Green is my favorite color and when I saw Elliot sitting in a green sea I couldn't help but snap a few photos. There is no real theme, besides how much I really love the color green and I adore this long haired boy. Four years old has been all fireworks and energy; full of new words and emotions. Green suits him really well. <3
Tuesday, May 19, 2015
I'm not sure the exact moment I discovered Moss and Mountain, but thank goodness I did! I mean, bell bottoms! They make bell bottoms and subsequently made all my fashion dreams come true. They recently released their "America drop" and my boys were happy to model some more bells! (and rad shirts too)

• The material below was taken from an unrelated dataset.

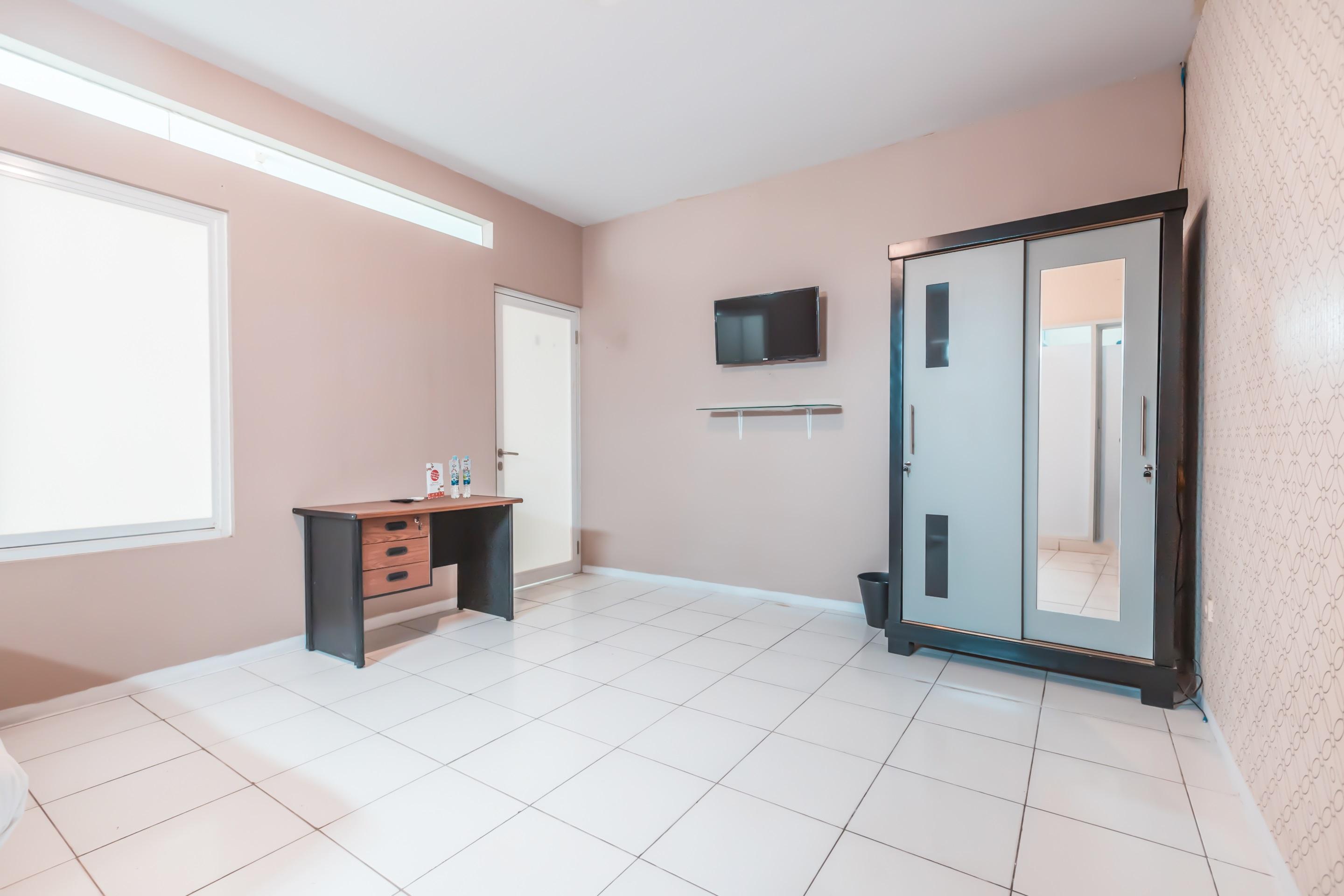 J&B Rooms Pramuka Jakarta Mitra Reddoorz Bagian luar foto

Seriously, it is such a pleasure to support such creative brands. Natalie and Ashley inspire me: they have created a clothing line that says it's okay to have fun dressing our kids. And that boys can rock bell bottoms too! <3
Thursday, May 14, 2015
Oh, spring! I've been anxiously awaiting spring. It's felt like a dance and I've been switching partners. One partner was gratitude for the present and holding hands with patience and the other had a bit of a quicker tempo and I was loudly singing "Oh, spring, where are you?!" I may have shed a few tears as well. It all sounds a bit dramatic, but this winter had a feeling of desperation I think. At least here, in the northeast. For a moment, I actually thought "Will warmer weather ever come?" And that snowfall in late april had me close to running down the street yelling, "why?"

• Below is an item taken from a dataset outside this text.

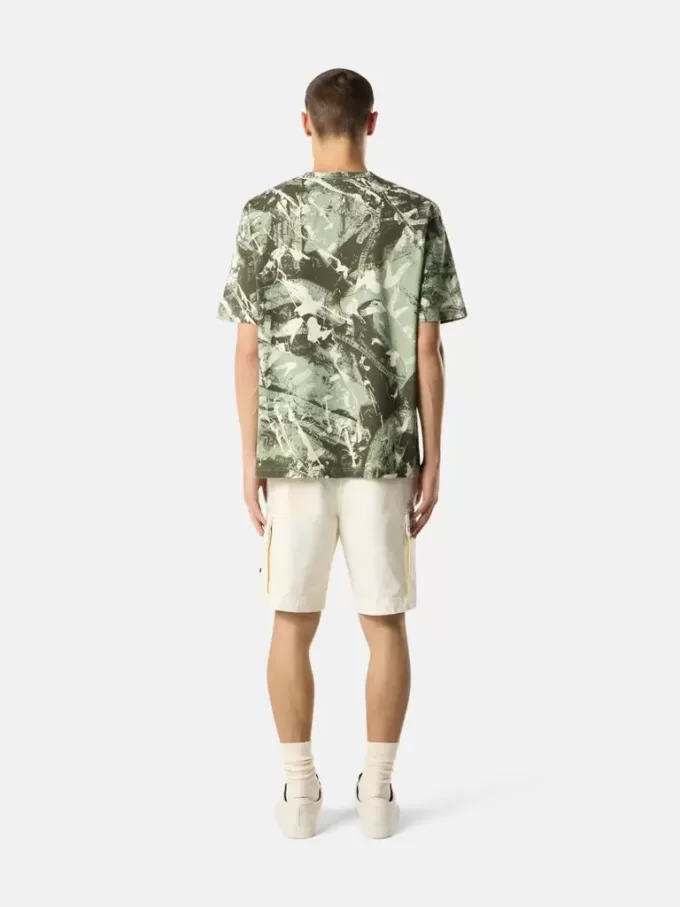 T-shirt a maniche corte con stampa “Scan Camo”. T-shirt a maniche corte con stampa “Scan Camo”.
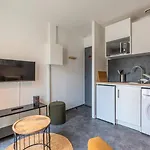 شقة Flat Near Parc Barbieux With Terrace Croix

But here we are. Playing outside in shorts and t-shirts; surrounded by all the shades of green I could ever wish for!
I've always been an emotional person; I feel everything very strongly and am prone to a few ups and downs. I remember being a child and having to fight my emotions even then. I could sail through, full of happiness but then I would think of the universe and how big it was or how that kind-of, sort of friend moved and I might never see her again and I would feel overwhelmingly sad. I know now that I am a highly sensitive person. It's part of me and I learned how to work with it. My safe place is nature. Nature and literature (both together and I'm set) would balance me, center me and give me my inspiration back.

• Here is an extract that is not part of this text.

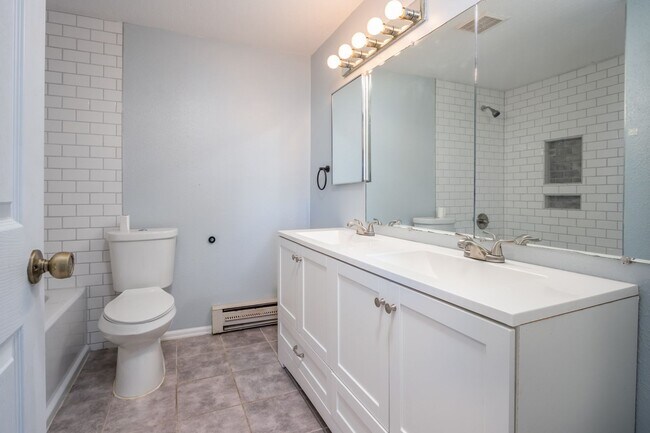 Building Photo - 544 S Watermelon Dr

I lost it a little as I got older. I forgot what centered me and turned to so many other things. But finding Jimmy and having children has brought me back to what I knew from the beginning. It's been absolutely magical and I've rediscovered the seasons. The seasons are not distinct from one another, but overlap and dance for a little until they meet again. They are connected and in every season you see signs of another. In the flowering bushes I can see a few leaves from last season, which will soon join the others in dropping to the ground. The death and life move us forward and bring us back again. It's ours to see and observe; to honor and participate. I loved watching the trees burst into green, but back in march the boys and I uncovered a patch of dead leaves because we saw a hint of green. It was still icy, but right there, in the midst of the cold we saw a sprout. It was easy to pass by, but it was hope.